Well, he was gone. He wouldn’t see him again. He didn’t want to see him again. Still frowning, Craig walked into the bedroom. He had better begin packing. He glanced at his gold Omega. The time was a little after eleven. He took a suitcase from the top of the wardrobe and put it on the bed.

Alan Craig was thirty-three years of age. Tall, dark with a sensitive, handsome face, good eyes and an obvious Etonian background, he had been Personal Assistant to Mervin Warren, Head of Rocket Research for the past five years. Since leaving England, and settling in the United States, Craig had had a successful career. He had gone to Washington as a junior official attached to a Rocket Research group sent over by the British Government on a fact-finding exchange of views. He had been spotted by Mervin Warren who was always on the look-out for keen, young talent. Warren had decided this brilliant young man could be more useful to him than to the London group. An offer was made and accepted, and Warren had had no regrets. He quickly satisfied himself that he had found the best and most intelligent Personal Assistant he could wish to find.

Warren had been in Paris now for two months conferring with French scientists in yet another exchange of views and ideas. Their final meeting had taken place the previous day. Tomorrow, he and Craig would be returning to Washington.

As Craig opened the suitcase, the telephone bell rang. He walked into the sitting-room and picked up the receiver, “Yes?”

“Is that you, Alan?”

He recognized the soft voice with its strong American accent and he became alert.

“Hello there, Jon. I’m just packing. How are you?”

“Fine . . . fine. Look, Alan, could you come down to my hotel? Say in a couple of hours? I’ve something that will interest you. It’s important.”

“Why, yes, of course. At one o’clock? What is it?”

“See you at one then,” and the line went dead.

Craig was puzzled. Something that will interest you. Was Jonathan Lindsey going to make him an offer? he wondered. Craig was ambitious. He had no intention of remaining much longer as Warren’s general factotum. He had met Lindsey at an Embassy cocktail party and had immediately liked him; a man around sixty years of age, tall, white haired, ruddy complexion with steady pale blue eyes who said he was in oil. Craig knew power and money when he met the combination. He knew instinctively that Lindsey was important, and Craig was always drawn to and interested in people of importance. They had met again. Lindsey usually dined at
La Tour d’Argent
, and Craig was more than willing to eat at such a luxury restaurant at Lindsey’s expense. They were quickly on first name terms. Now suddenly . . . something that will interest you.

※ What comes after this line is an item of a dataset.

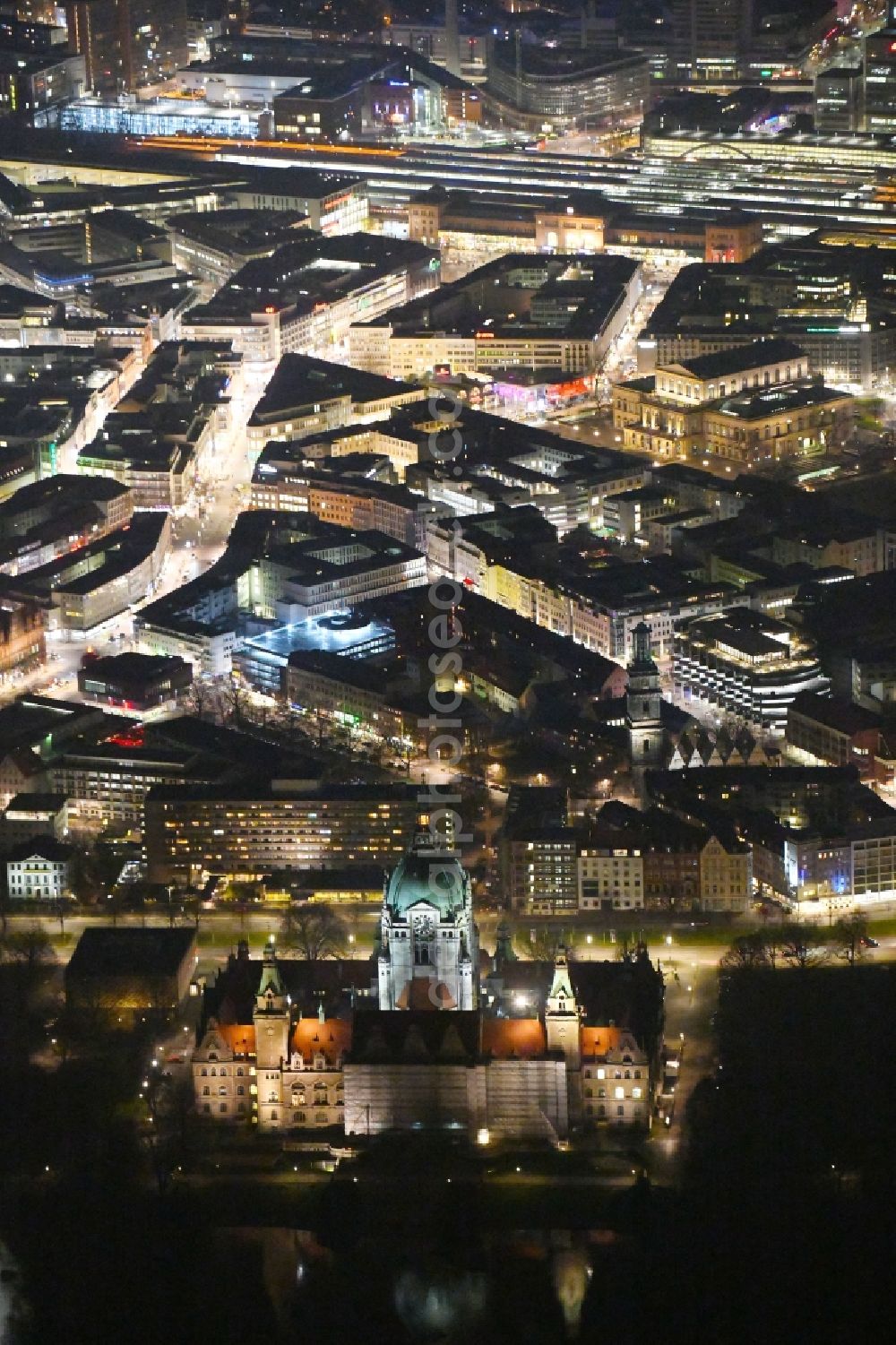 Hannover at night from the bird perspective: Night lighting Street guide of famous promenade and shopping street Bahnhofstrasse in Hannover in the state Lower Saxony, Germany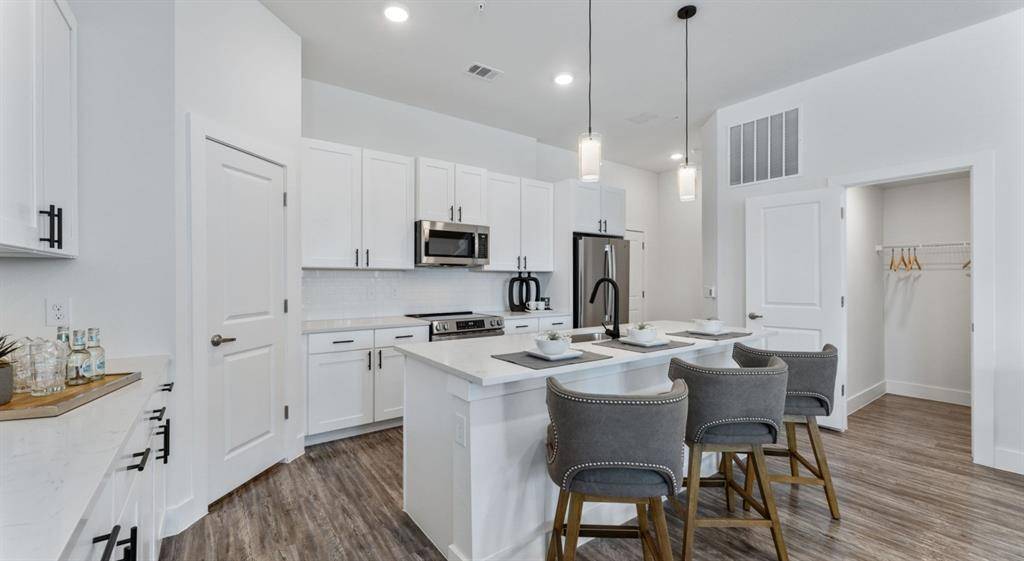 Sherman, TX 75092,3800 W Lamberth Road #5302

He packed the suitcase, then changed into a grey lounge suit and slid into black, highly polished casual shoes. He surveyed himself in the full mirror, deciding he looked pale and there were dark shadows under his eyes. He grimaced. That Jerry, he thought. Paris had been too hectic . . . too many temptations. He would be glad to get back to Washington. He slapped his cheeks sharply, bringing slight colour to them. That was better, he thought. He went into the sitting-room. Should he have a drink? He felt pretty low. A shot of Vodka might set him up. He mixed a Vodka and lime juice, then sat down, nursing the drink, his mind on Lindsey.

Suppose Lindsey offered him a job? That meant Texas. Would he want to bury himself in Texas? It would depend on the money. He would play hard to get. He knew Lindsey was impressed by his record. He had seen him talking to Mervin Warren, and later. Lindsey had said they had discussed him. Lindsey had looked thoughtfully at him, those pale blue eyes probing. “Warren tells me you are the best P.A. he has ever had,” he had said finally “Coming from Warren that means something.”